Urban planner Antonia Cornaro works in Zurich and has written a book on the use of underground spaces. “The space below ground will become even more important for cities in the future if we don’t want to overuse the space above ground,” she is quoted in an article in the Swiss daily newspaper the Tages-Anzeiger. The article explores different ways of using underground space.

It is already common knowledge that underground spaces can be used for tunnels and sewers, but there are several projects that are exploring new ways of using the ground beneath cities. These include the Cargo Sous Terrain freight metro planned in Switzerland and the Hyperloop project by Tesla boss Elon Musk, which envisages magnetic trains travelling through a tube. Projects in Montreal and Helsinki have developed “entire shopping streets” underground protected from the weather, and in Singapore a working space called Science City will be built underground for 4,000 scientists.

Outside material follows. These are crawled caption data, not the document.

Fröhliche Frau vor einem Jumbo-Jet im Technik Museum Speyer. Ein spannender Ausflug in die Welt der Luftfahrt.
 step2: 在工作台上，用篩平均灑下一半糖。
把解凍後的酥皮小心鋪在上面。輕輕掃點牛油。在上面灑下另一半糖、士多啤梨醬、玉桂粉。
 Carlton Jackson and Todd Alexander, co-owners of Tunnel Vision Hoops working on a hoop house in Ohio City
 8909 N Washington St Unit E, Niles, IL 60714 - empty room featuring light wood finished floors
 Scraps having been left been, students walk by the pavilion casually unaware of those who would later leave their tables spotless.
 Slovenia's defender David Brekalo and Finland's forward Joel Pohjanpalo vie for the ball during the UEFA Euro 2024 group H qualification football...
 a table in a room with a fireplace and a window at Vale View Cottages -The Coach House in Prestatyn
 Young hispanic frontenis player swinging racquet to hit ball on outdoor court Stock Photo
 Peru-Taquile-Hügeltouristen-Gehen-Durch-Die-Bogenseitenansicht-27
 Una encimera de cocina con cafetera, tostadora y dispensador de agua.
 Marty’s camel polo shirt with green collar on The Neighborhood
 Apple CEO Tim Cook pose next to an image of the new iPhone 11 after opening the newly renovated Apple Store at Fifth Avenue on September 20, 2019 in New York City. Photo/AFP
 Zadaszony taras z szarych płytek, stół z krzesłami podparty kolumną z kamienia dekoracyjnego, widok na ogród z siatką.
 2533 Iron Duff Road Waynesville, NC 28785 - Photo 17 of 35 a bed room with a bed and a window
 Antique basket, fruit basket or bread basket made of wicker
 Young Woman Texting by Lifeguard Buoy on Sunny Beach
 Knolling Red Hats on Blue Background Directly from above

Factories, warehouses, restaurants and data centers are other ways that underground spaces are being used. “And in Paris, underground car parks that are empty due to a lack of city traffic are being used as greenhouses,” according to the article. It also points out the important role played by Swiss scientists in this urban development. Systems, materials and machines can be tested under real conditions in the Hagerback test facility in Flums in the canton of St. Gallen, which was recently used to test various details for Alpine tunnels.  

Experiments are also currently being carried out there on underground plantations, which could be used in the future to provide fruit and vegetables to urban populations. When Antonia Cornaro asked her students at the Swiss Federal Institute of Technology in Zurich (ETH) what they think of this, she found that “over 80% are in favor of such cultivation systems and said that they would have no problems eating these vegetables.”